SILVERDALE — The Olympic Games are just around the corner, and although gymnastics is contested during the summer games, one local gymnast is among a select group of girls nationwide that will get a chance to train this weekend at the United States national team’s training center in Texas.
For 11-year-old Mya Wiley, a gymnast at Olympic Gymnastics Center in Silverdale, it’s a journey she has already made several times. Three years ago, she attended her first B camp after she had success in local competitions.
Since then, she has continually progressed through the ranks, eventually heading to an A camp and then, last January, to her first national development camp where her physical abilities are put to the test under the watchful eye of Valeri Liukin, the national team’s head coach and coordinator, and his coaches.

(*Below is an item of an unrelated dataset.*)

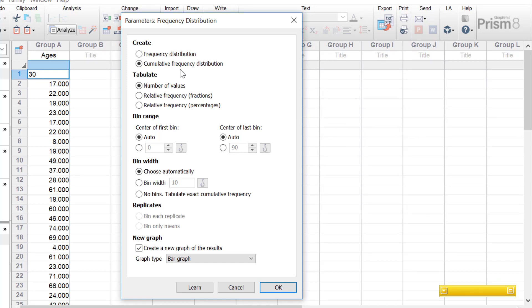As well as graphs, GraphPad will also return data in table form. There are three options: the first is the number of values, which returns the count of data points in each bin. The next option, relative frequency in fractions, returns the fraction of values in each bin rather than the actual count. Similarly, relative frequencies in percentages returns the percentage of values in each bin rather than the actual number.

“This pool [of gymnasts] Mya is in is a pretty shrunk pool,” said Greg Mutchler, Mya’s coach and owner of Olympic Gymnastics Center. “She’s still fairly young. The oldest kids at this camp are 13, some are as young as 8 or 9. It’s really helped us in the program. I’ve had kids every year make it to the B and A camp since 2010, but this is pretty exciting. She’s one of very few kids that have gone this far at her age.”
Mya began gymnastics at the age of 5. A high-energy, rambunctious child, Mya was clearly in need of a physically demanding activity.
Or, in Mya’s words: “I was kind of crazy, my mom couldn’t get me to fall asleep, so I needed something to entertain me.”
Mya now spends her days working on her Level 9 routine as well as some elite routines. In her favorite event, the bars, that means she now needs to be able to let go of and catch the bars. On the balance beam, she now works on elements that do not involve using her hands.
“I like the bars because you get to spin around and fly around and you still have to be focused,” Mya said. “But on the beam you have to be really calm.”
And while, like many young gymnasts, Mya has visions of standing atop the podium, a gold medal around her neck while the National Anthem plays, she also knows that kind of opportunity is many years and many morning and evening training sessions away.
“I think it would be really cool to be in the Olympics, but that’s a long way away,” Mya said.
Hoping to follow in Mya’s footsteps is 9-year-old Miah Reinhart, another gymnast at Olympic Gymnastics, who has been invited to the B camp.
Miah first began the sport at the age of 3 and now is a Level 8 gymnast. She has been preparing for her first trip to a camp by perfecting her routines and continuing to work on her general skills, which she will get to show off at a national level for the first time.
“We do drills the first day, and then the rest is you showing what you can do — your routine and your skills,” Miah said.
Among her talents are handsprings and back handsprings on the balance beam, her favorite event. Miah said she does not get nervous on the beam, even though she is performing flips on an apparatus only four inches wide.
”You just have to go for it,” Miah said.